Good news for cladribine, not so good for ocrelizumab and fingolimod
Data has surfaced today at an International MS meeting on the impact of MS disease modifying treatments and it looks like it is supporting the biology. As presented by Dr Anat Archirion from Israel and as anticipated from past vaccination data, there was a poor (less than 20%) seroconversion (assessed using the Eurimmune Ig assay) with ocrelizumab and fingolimod, but cladribine showed good seroconversion. Information about other agents were not yet reported. The information was based on a sample of about 30-40 people and remember based on data that has emerged from the cancer field, people can make a T cell response despite, an inhibited B cell response. It remains to be seen whether this will happen in MS and also whether vaccinated individuals become infected. However, obviously this is a possibility. The result is consistent with the B cell hypothesis that we published some time ago. This needs to be confirmed, but as it is following what was predicted, it is likely this will be more or less confirmed. This will happen within the next month or so I suspect.
However we have a different message coming from Sweden and sad to say this glass half-full message comes a bit late as the glass half-empty message above tends to make the take home message appear abit SH1. Hopefully the referees don’t read the blog or twitter, as it is under review. This looks at people who got infected with SARS-CoV-2 and makes the case that people make an antibody and T cell response and the response to vaccines will be great. But looking at that picture on twitter either rituximab is a lot less effective than ocrelizumab or the authors are in for a big shock. Indeed if you read the paper it is not as fluffy and lovely as you think.

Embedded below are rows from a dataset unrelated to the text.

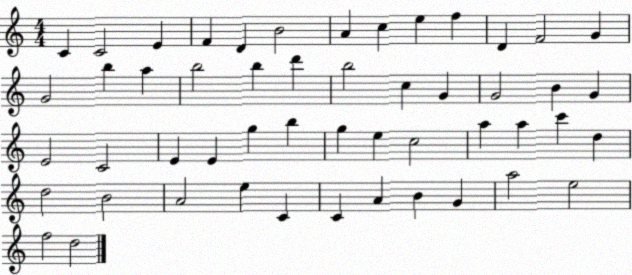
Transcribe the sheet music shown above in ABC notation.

X:1
T:Untitled
M:4/4
L:1/4
K:C
C C2 E F D B2 A c e f D F2 G G2 b a b2 b d' b2 c G G2 B G E2 C2 E E g b g e c2 a a c' d d2 B2 A2 e C C A B G a2 e2 f2 d2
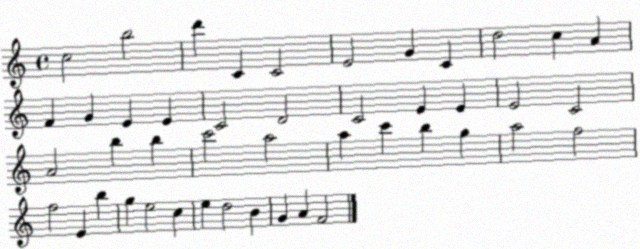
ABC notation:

X:1
T:Untitled
M:4/4
L:1/4
K:C
c2 b2 d' C C2 E2 G C d2 c A F G E E C2 D2 C2 E E E2 C2 A2 b b c'2 a2 a c' b g a2 f2 f2 E b g e2 c e d2 B G A F2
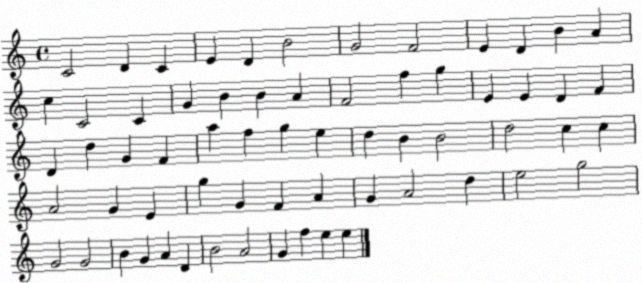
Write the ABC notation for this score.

X:1
T:Untitled
M:4/4
L:1/4
K:C
C2 D C E D B2 G2 F2 E D B A c C2 C G B B A F2 f g E E D F D d G F a f g e d B B2 d2 c c A2 G E g G F A G A2 d e2 g2 G2 G2 B G A D B2 A2 G f e e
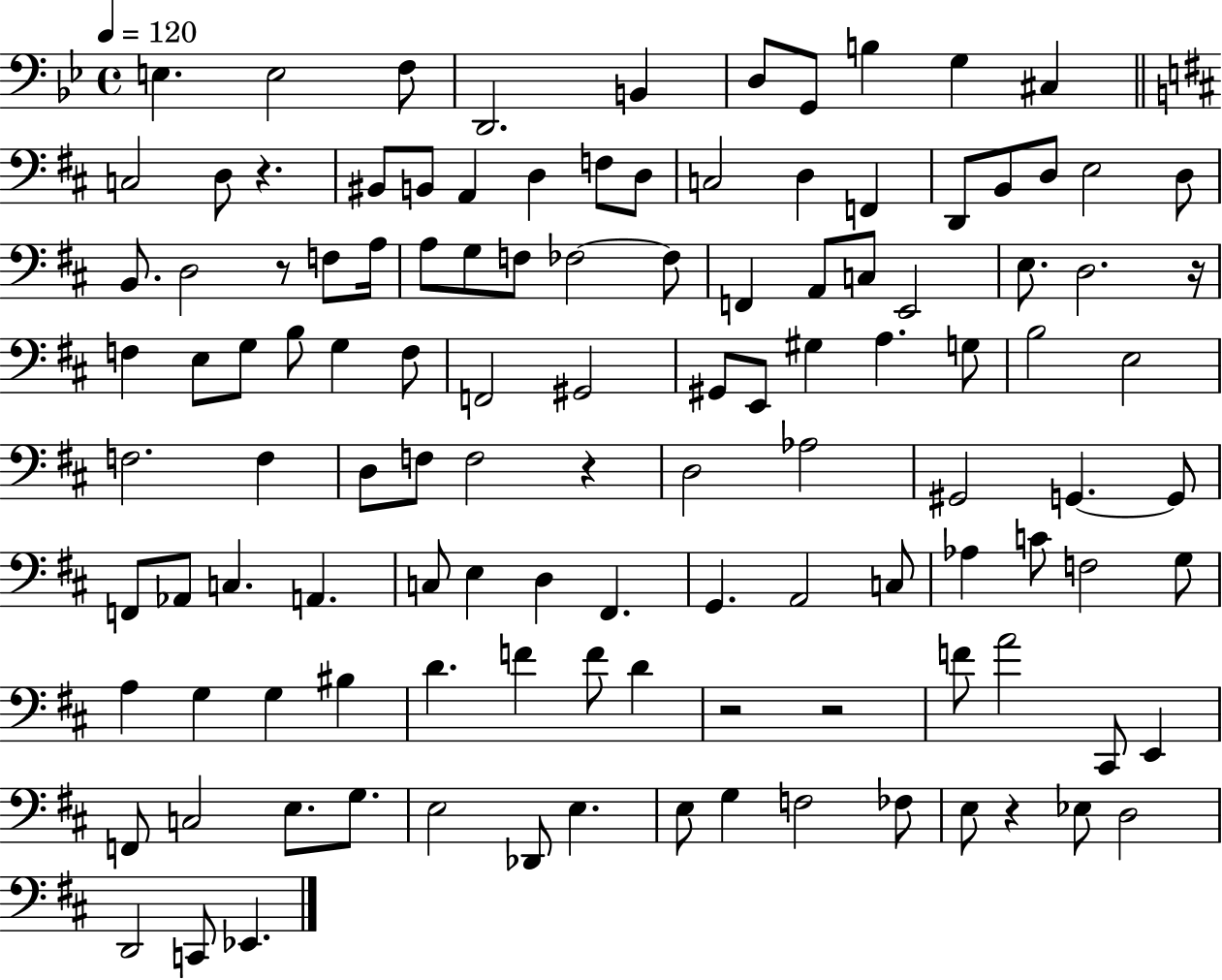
X:1
T:Untitled
M:4/4
L:1/4
K:Bb
E, E,2 F,/2 D,,2 B,, D,/2 G,,/2 B, G, ^C, C,2 D,/2 z ^B,,/2 B,,/2 A,, D, F,/2 D,/2 C,2 D, F,, D,,/2 B,,/2 D,/2 E,2 D,/2 B,,/2 D,2 z/2 F,/2 A,/4 A,/2 G,/2 F,/2 _F,2 _F,/2 F,, A,,/2 C,/2 E,,2 E,/2 D,2 z/4 F, E,/2 G,/2 B,/2 G, F,/2 F,,2 ^G,,2 ^G,,/2 E,,/2 ^G, A, G,/2 B,2 E,2 F,2 F, D,/2 F,/2 F,2 z D,2 _A,2 ^G,,2 G,, G,,/2 F,,/2 _A,,/2 C, A,, C,/2 E, D, ^F,, G,, A,,2 C,/2 _A, C/2 F,2 G,/2 A, G, G, ^B, D F F/2 D z2 z2 F/2 A2 ^C,,/2 E,, F,,/2 C,2 E,/2 G,/2 E,2 _D,,/2 E, E,/2 G, F,2 _F,/2 E,/2 z _E,/2 D,2 D,,2 C,,/2 _E,,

So what does it say….First thing it suggests is that you are talking rituximab it may increases your risk of developing symptomatic COVID-19…This data was reported last summer on iWMS and profG did the stats and is some of the better data on this. They say in the study 89% of people had symptomatic covid by only 19% were seropositive. This is poor seroconversion as other people are showing. The difference here is that they argue that people with MS show poor seroconversion. However, that is not supported by the data in the story above. Next up, they say there is a T cell reponse and indeed there is a T cell response in some people especially if you seroconvert. but if you are sero(antibody negative) there is not much of a T cell response. Now read the abstract and that says that the idea that rituximab inhibits T cells by blocking antigen presentation is probably rubbish because here they would argue that antigen presentation isn;t blocked and you get a T cell response, but the actual data is not so clear cut in my mind.
This gives a bench mark about what baseline T and B cell responses look like, let’s see how they change after vaccination. I wonder if Sweden are using the Astrazeneca vaccine after all the Astra is Swedish.
Development of Humoral and Cellular Immunological Memory Against SARS-CoV-2 Despite B-Cell Depleting Treatment in Multiple Sclerosis. Cell Reports Medicine
B-cell depleting therapies are widely used as immunomodulating agents for autoimmune diseases such as multiple sclerosis. The possible impact of B-cell depletion on development of humoral and cellular immunity to viruses and specifically SARS-CoV-2 has raised concerns with the COVID-19 pandemic. We here determined humoral and cellular responses in participants of an observational trial comprising several multiple sclerosis disease modulatory drugs (COMBAT-MS; NCT03193866). Patients on B-cell depleting treatment, who previously had COVID-19-like symptoms, developed anti-SARS-CoV-2 antibodies and/or T-cell memory irrespective of their B-cell depletion status. Furthermore, antibody titres were similar to those observed with other treatments or controls, and anti-SARS-CoV-2 T-cells displayed functional similarity to controls producing IFN-γ and TNF. These results inform on the role of B- and T-cells in SARS-CoV-2 immunity and provide evidence that B-cell depleting therapy does not substantially abrogate SARS-CoV-2 immunological memory, in turn suggesting a low risk for reinfection and potentially responsiveness to vaccination.
This suggests great, the reality is not so great…..They have done so much work but too slow to publish, if it doesn’t get accepted now it will be time to rip it up and start again. Maybe if I had written it, it would have been more doom and gloom and the authors would not have to do a major, re-write as it looks like time to eat some humble pie or is this Kladdkaka.